Weather and snow conditions permitting, the east side crew will provide initial access above Siyeh Bend for HK Contractors, Inc. to prepare for final paving of 2006 storm damage repairs near the east side tunnel. This paving is scheduled to begin in mid-May and be completed by mid-June.
On the Sun Road’s west side, the segment from Lake McDonald Lodge to Avalanche is traditionally free of ice and open to vehicles by late April. Vehicle access will remain gated at Avalanche until the entire Sun Road opens over Logan Pass to allow for spring road rehabilitation above the Loop.
Other park roads, or segments of respective roads, including the Chief Mountain Road, will open to vehicle traffic when conditions allow for safe travel. However, as Many Glacier Valley provides critical winter range for wildlife, the Many Glacier Road typically does not open to vehicles until the third weekend of April each year to reduce stress on wildlife. Park campgrounds are also plowed as necessary to meet their respective opening dates.
Several park roads, including the Camas Road and Cut Bank Road, are typically not plowed, but are allowed to melt out, with vehicles allowed on them once the roads have dried. This spring, however, given paving on the Sun Road at Avalanche Creek, the Camas Road will be plowed in April to accommodate spring bicycle and hiker use.
Portions of the Inside North Fork Road will also be undergoing repairs this spring. Road work will occur this spring on a landslide above Fish Creek and other spring runoff-damaged sections such as the Anaconda Creek area. The Inside North Fork Road will open for vehicle traffic when repairs are completed and it is safe for visitor traffic.
“With plowing under way and summer approaching, this is a good time to remind the public that the Sun Road is still under rehabilitation," says Glacier Superintendent Chas Cartwright. "Park visitors should only expect to drive as far as Avalanche and Jackson Glacier Overlook this spring. Despite the Sun Road rehabilitation, our road crews still must work in the same challenging conditions as in years past.
"Safety remains our top priority and we will again use avalanche forecasting technicians to help monitor conditions through avalanche zones throughout the spring opening process,” the superintendent adds.
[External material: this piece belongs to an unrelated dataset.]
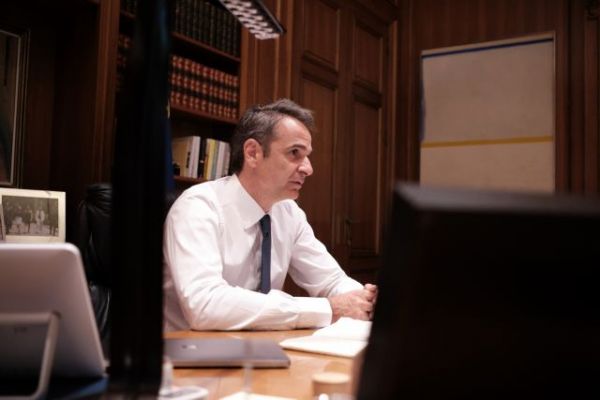 Κρίσιμη τηλεδιάσκεψη στο Μαξίμου για τον κοροναϊό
While the road work and plowing will limit some public wheeled-access early in the season, Superintendent Cartwright points out that "visitors can hike or bicycle beyond vehicle closures when crews are not working; exact distances will depend on plowing crew locations and construction activity.”
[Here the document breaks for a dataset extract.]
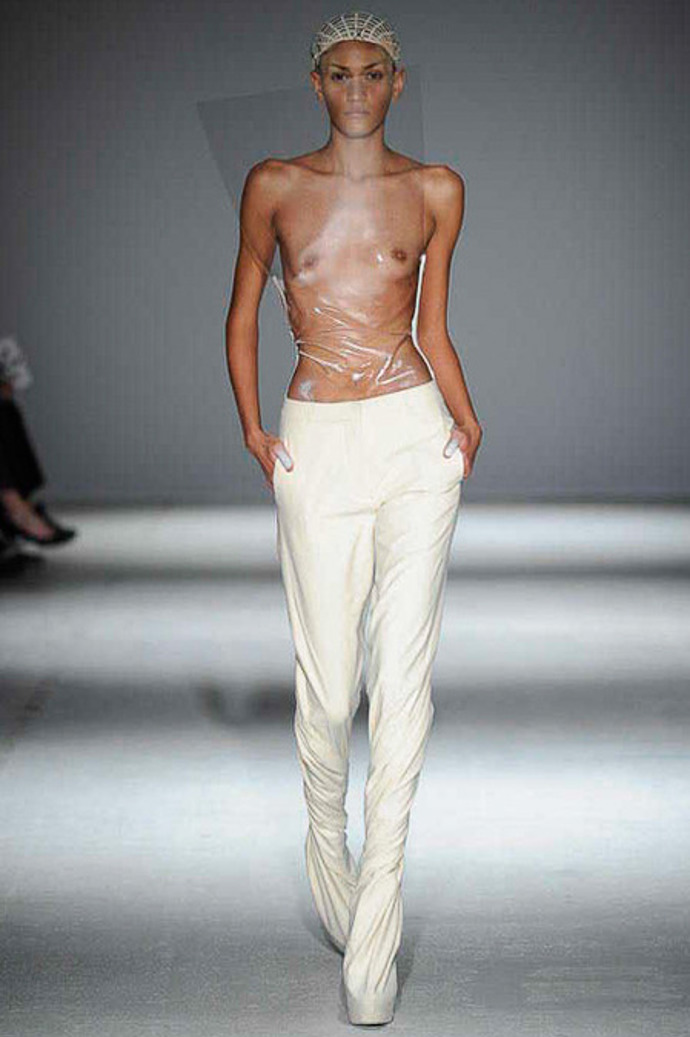 PFW: GARETH PUGH A/W 2014/15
Signs will indicate when closures for hikers/bikers are in effect and caution should be exercised. Visitors are also reminded that when park roads are closed to vehicle use, all pets are prohibited on them.
Visitors should always be alert for snowplows and other heavy equipment on park roads as well as areas of ice and/or slush, avalanche zones and/or fallen rock. Additionally, spring snowstorms can cause hazardous driving conditions and/or temporary road closures. Visitors should also be aware of wildlife on park roads. Please report any bear or mountain lion activity or sighting, regardless of the location, to a park ranger.